* Directions for this task: Give the records below again in full, exactly as written, but without any images.

* Records provided:
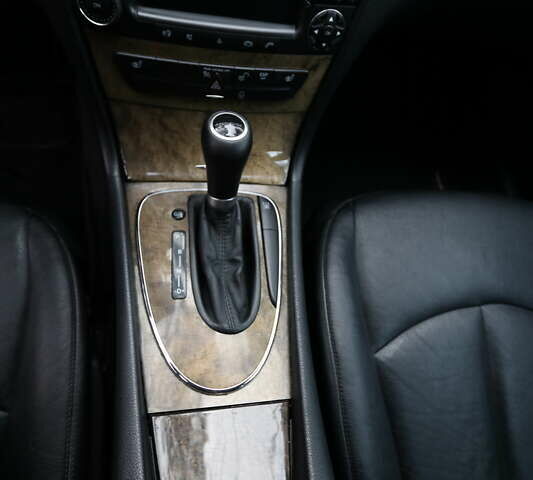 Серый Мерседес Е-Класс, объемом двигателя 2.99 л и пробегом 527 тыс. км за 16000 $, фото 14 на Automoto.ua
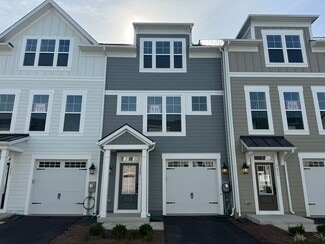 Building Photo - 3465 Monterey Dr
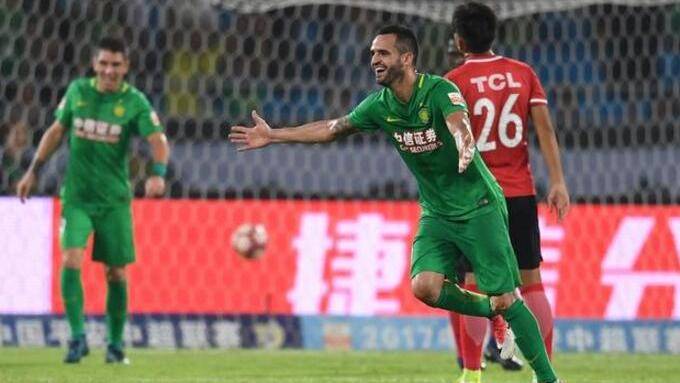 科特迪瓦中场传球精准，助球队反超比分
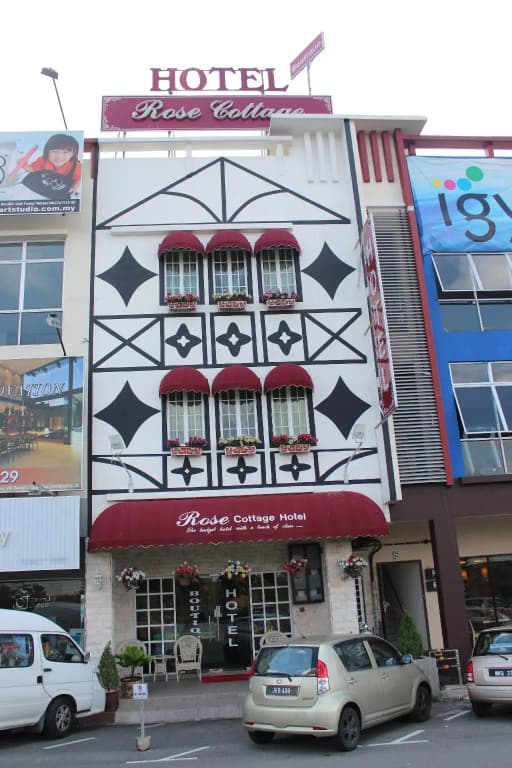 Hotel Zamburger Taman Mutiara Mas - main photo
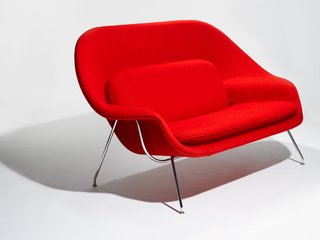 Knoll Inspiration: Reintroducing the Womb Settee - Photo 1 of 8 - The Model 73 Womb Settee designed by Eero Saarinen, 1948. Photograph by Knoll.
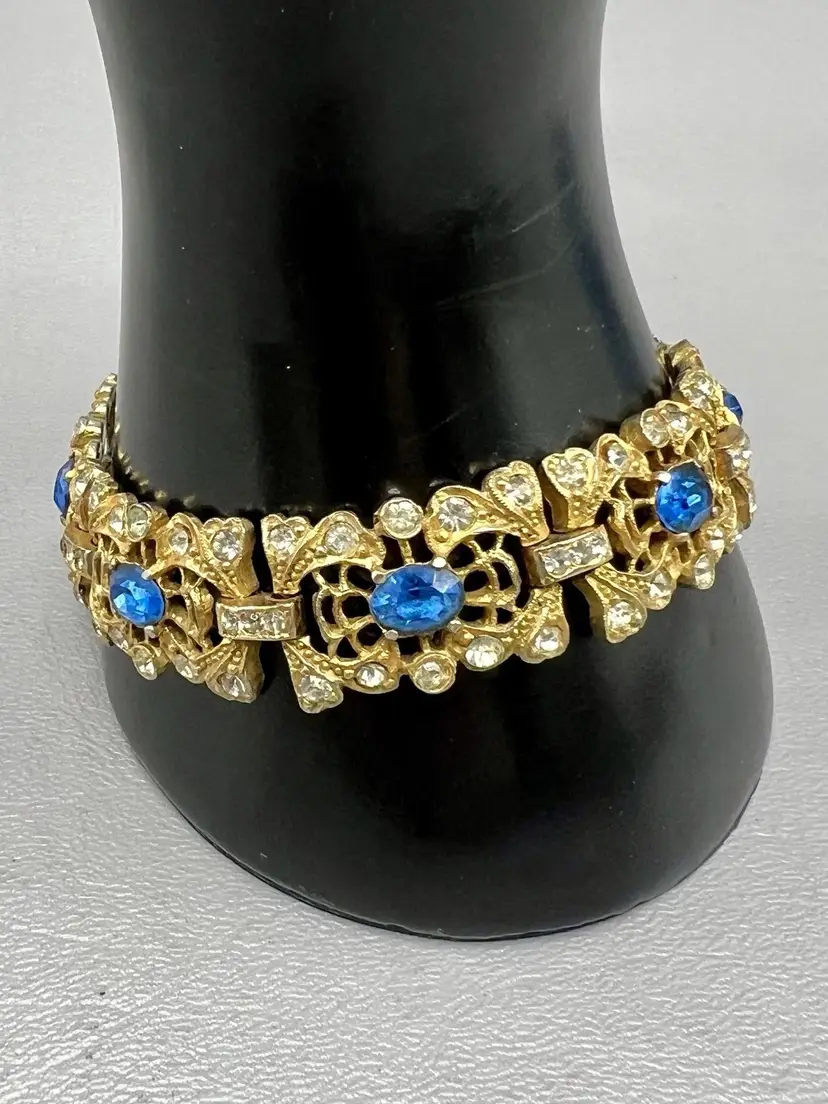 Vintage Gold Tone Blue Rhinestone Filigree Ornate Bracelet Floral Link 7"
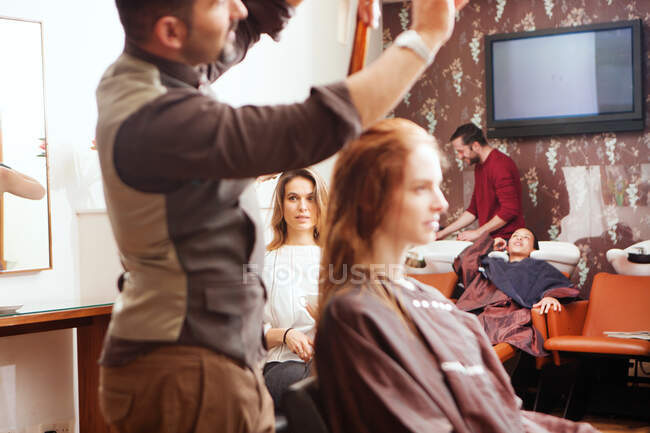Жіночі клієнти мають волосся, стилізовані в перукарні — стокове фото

* The answer:
 Серый Мерседес Е-Класс, объемом двигателя 2.99 л и пробегом 527 тыс. км за 16000 $, фото 14 на Automoto.ua
 Building Photo - 3465 Monterey Dr
 科特迪瓦中场传球精准，助球队反超比分
 Hotel Zamburger Taman Mutiara Mas - main photo
 Knoll Inspiration: Reintroducing the Womb Settee - Photo 1 of 8 - The Model 73 Womb Settee designed by Eero Saarinen, 1948. Photograph by Knoll.
 Vintage Gold Tone Blue Rhinestone Filigree Ornate Bracelet Floral Link 7"
Жіночі клієнти мають волосся, стилізовані в перукарні — стокове фото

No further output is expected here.